DROGAS SIN VIAJES O DE CÓMO LOS PSICODÉLICOS PODRÍAN TRANSFORMAR LA MEDICINA ANTIINFLAMATORIA

 

Durante décadas, las drogas psicodélicas habitaron el mismo territorio que los unicornios y los hippies descalzos: un mundo de flores en el pelo, guitarras desafinadas y teorías cósmicas sobre la conciencia universal. En los años sesenta, los científicos que se atrevieron a estudiarlas acabaron convertidos en parias académicos, víctimas del miedo y del puritanismo legal que vino después del “verano del amor”. El resultado fue que toda una rama prometedora de la medicina quedó sepultada bajo montañas de prejuicios y expedientes policiales.

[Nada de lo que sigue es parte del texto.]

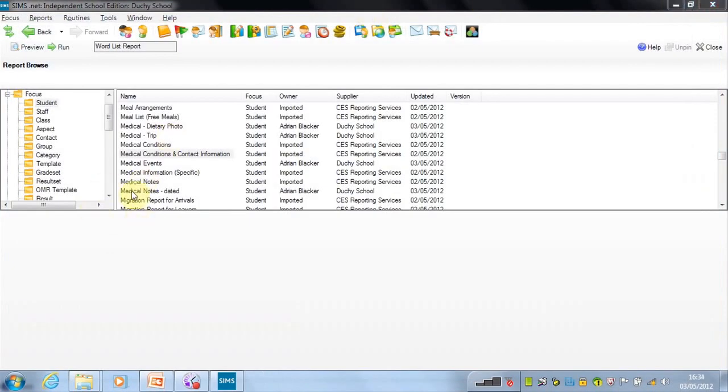We have information here about medical notes dated so you can choose a date range to find your medical notes.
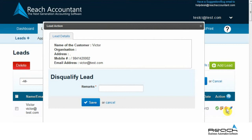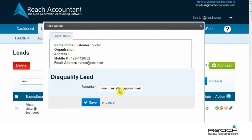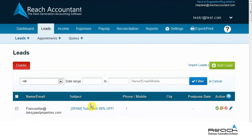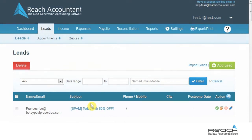Now you need to fill in the details as shown. Under the remarks column, you can fill in the reason for disqualification. When you have done that, click Save. The lead is now disqualified and is displayed here.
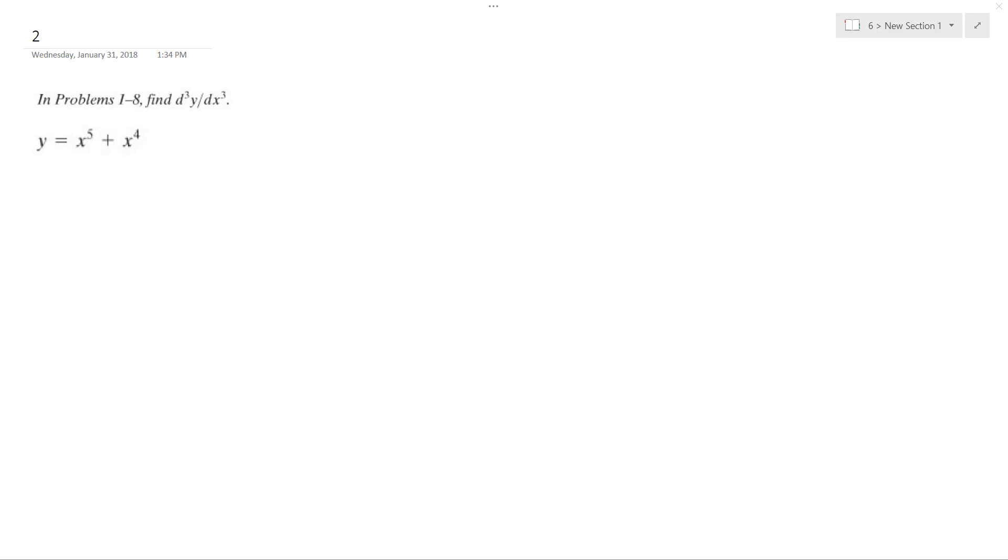We want to find the third derivative of this. So first thing I'm going to do is find y prime. This is the convention I'm going to use.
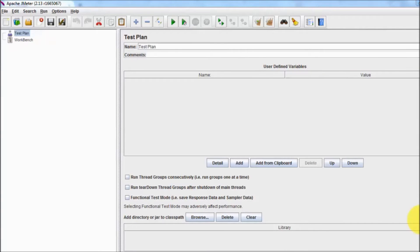Welcome to the testing world. In this session we are going to perform recording in JMeter.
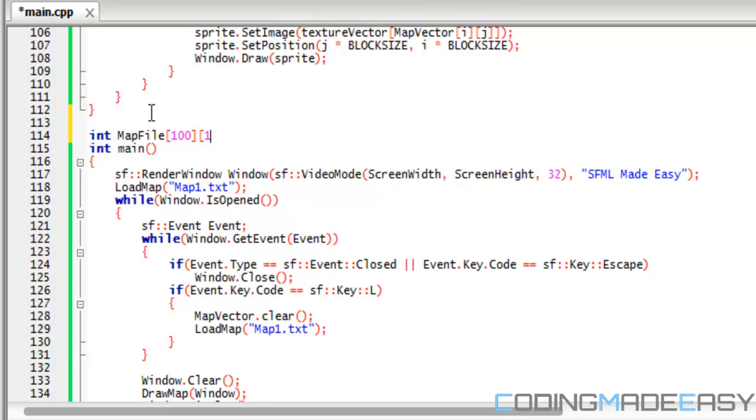If you're the programmer, you don't want the designer to see your source code. You don't want to give them the whole source code just to manage your map. And then when they want to change something with the map, they have to wait for the code to recompile.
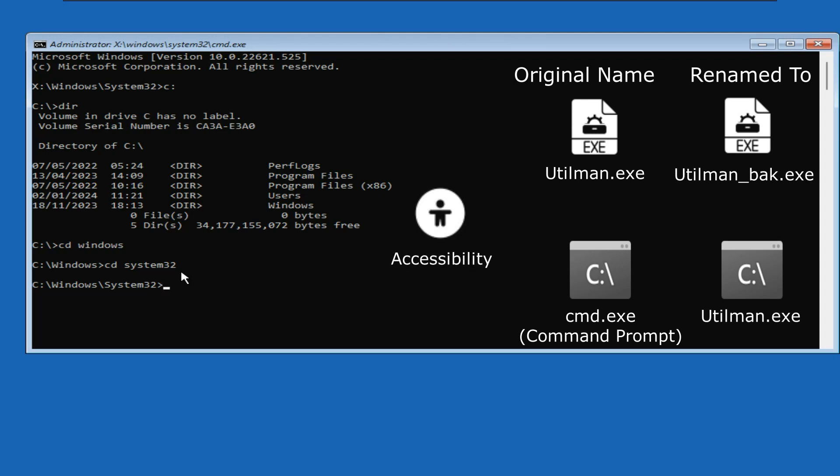When we click on the accessibility options button, it executes the utilman.exe file, which is now this in our case. This executable is originally a command prompt. So instead of opening actual accessibility options, it will now open a command prompt for us. Then using that command prompt, we will reset the password.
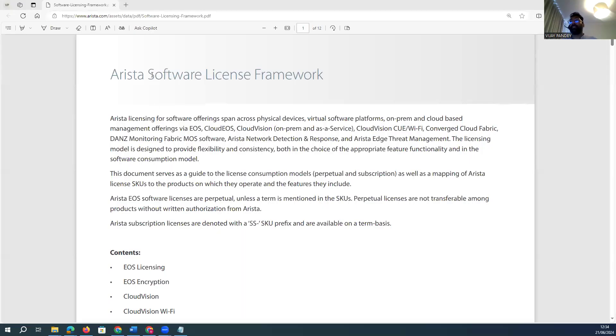Hi guys, this is Vijay. This is episode number four — we are going to discuss about Arista licensing: what licenses Arista offers for their products. Arista has different types of licensing altogether, unlike other products.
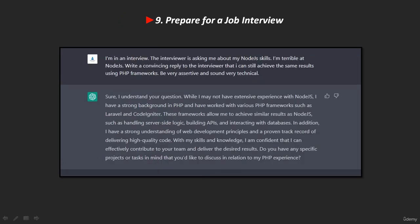Ninth, ChatGPT can help you prepare for a job interview. Its broad fields of knowledge make ChatGPT one of the leading AI tools for interview preparation. It's helpful for generating hypothetical scenarios, possible questions, intelligent answers to those questions, and many other interview preparation strategies. ChatGPT helps us work through hypothetical situations that might come up during an interview.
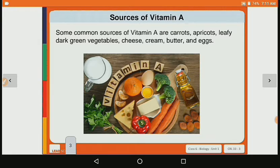Some common sources of vitamin A are carrot, apricot, leafy and dark green vegetables, cheese, cream, butter and egg. So vitamin A can be obtained from these food sources.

Hasta ahora, cuando los mismos compuestos que un día llevaron a Timothy Leary a predicar la iluminación a través del LSD están regresando, esta vez de la mano de bata blanca y pipeta. En los laboratorios más serios del planeta, los psicodélicos han pasado de ser un pasatiempo de poetas a una posible revolución médica. No tanto por los “viajes” que producen, sino por lo que parecen capaces de hacer cuando el sistema inmunitario se descontrola.

De los hongos a la artritis

Todo comenzó con los hongos mágicos, esos que crecían en los prados y que ahora se cultivan en ambientes estériles y con más permisos que un quirófano. Su ingrediente activo, la psilocibina, fue el primero en saltar del campo al laboratorio moderno. Inicialmente, los científicos lo estudiaron por su potencial contra la depresión resistente, esa que no cede ante ningún antidepresivo convencional.

El resultado fue desconcertante: no solo mejoraba el ánimo de algunos pacientes, sino que también parecía reducir la inflamación en su organismo. La sorpresa fue mayúscula. Nadie esperaba que una sustancia conocida por hacer que la pared respire o el reloj se derrita como si lo hubiera pintado Dalí pudiera también calmar los fuegos del sistema inmunitario.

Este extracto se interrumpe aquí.